Не будем перечислять последующие сборники Вячеслава Иванова, а попытаемся уловить общую суть творчества поэта. Основной пафос поэзии Вячеслава Иванова, как считал Брюсов, — это сочетание жажды полноты жизни с христианским культом жертвы, страдания.
Мнение Федора Степуна: «Лирика Вяч. Иванова занимает совершенно особое место в истории русской поэзии. Своею философичностью она отдаленно напоминает Тютчева, но как поэт Иванов, с одной стороны, гораздо отвлеченнее и риторичнее, а с другой — перегруженнее и пышнее Тютчева…» Некоторую витиеватость и ученую тяжеловесность можно продемонстрировать стихотворением «Родина»:
По мнению Александра Блока, поэзия Вячеслава Иванова «предназначена для тех, кто не только много пережил, но и много передумал».
«Вячеслав Иванов, как поэт, занимает в группе русских символистов почетное, но, скорее, второстепенное место, — утверждал Георгий Иванов. — Зато не может быть спора о его значении, как теоретика и основоположника русского символизма. Здесь он был первым. Был в буквальном смысле слова мозгом движения и его вождем…»

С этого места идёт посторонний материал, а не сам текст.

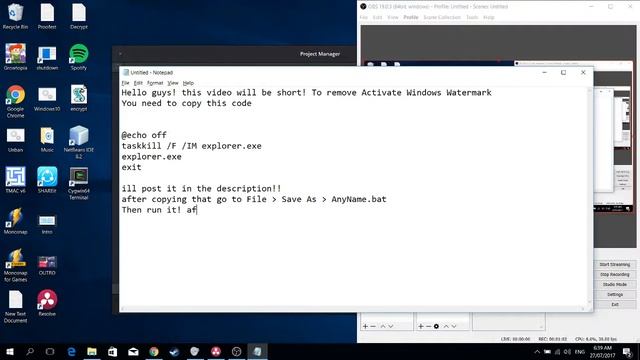 Remove "Activate Windows" Watermark смотреть онлайн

Тут следует заметить, что поэзия символистов искала выход в мистике посвятительного знания, тяготела к своего рода жречеству. Как теоретик, Вячеслав Иванов возглашал, что символ «многолик, многосмыслен и всегда темен в последней глубине» — так он писал в своем сборнике теоретических работ «По звездам» (1909). Нужно идти «тропой символа — к мифу». «Миф — это образное раскрытие имманентной истины духовного самоутверждения, народного и вселенского…»
Вячеслав Иванов находился под большим влиянием Фридриха Ницше, однако не во всем с ним соглашался и считал, что поэт не «изобретает» истину, а «обретает» ее. Не преобразует мир на свой лад, а преображает его согласно Божьему замыслу о нем. Религиозность — одна из сущностных черт Вячеслава Иванова как человека и как поэта.
Кто-то заметил, что если русская литература вышла из гоголевской «Шинели», то поэзия символистов если не вышла из ивановской «Башни», то прошла через нее. Все модернисты-декаденты-символисты-акмеисты, начиная с Бальмонта, — Зинаида Гиппиус, Сологуб, Кузмин, Блок, Брюсов, Волошин, Гумилев, Ахматова — проделали этот путь.
С осени 1905 года Вячеслав Иванов с женой Лидией Зиновьевой-Аннибал превратил свою петербургскую квартиру № 25 по Таврической улице в литературно-художественный салон. В этой угловой квартире, именуемой «Башней», по средам стали проходить журфиксы — сборы всех знаменитостей Петербурга и Москвы. Небезынтересна картинка, нарисованная Сергеем Городецким:
«Мансарда была оклеена обоями с лилиями и освещалась свечами. Огромная рыжая Зиновьева-Аннибал, жена Вяч. Иванова, в белом хитоне металась в тесноте. У печки скромно грелся небольшой человек с острым взглядом — Федор Сологуб. Реял большерукий Корней Чуковский. Вдали, у окна, за которым меркли звезды (звезды, свеча — это все было тогда символами, а не простыми предметами), за ломберным столиком заседал синклит собрания. Оттуда несся картавый голос карлика с лицом сектанта — Мережковского, высовывался язык страдающего тиком черноволосого красавца Бердяева, вырезывалась голова Блока, шариком выскакивала круглая фигурка приват-доцента Аничкова, вскакивал череп единственного в этом бедламе марксиста Столпнера, рыжело взбитыми волосами, а может быть уже париком, злое и еще красивое лицо Зинаиды Гиппиус рядом с дворянски-невозмутимой маской Философова и многих других лиц, масок, профилей и физиономий».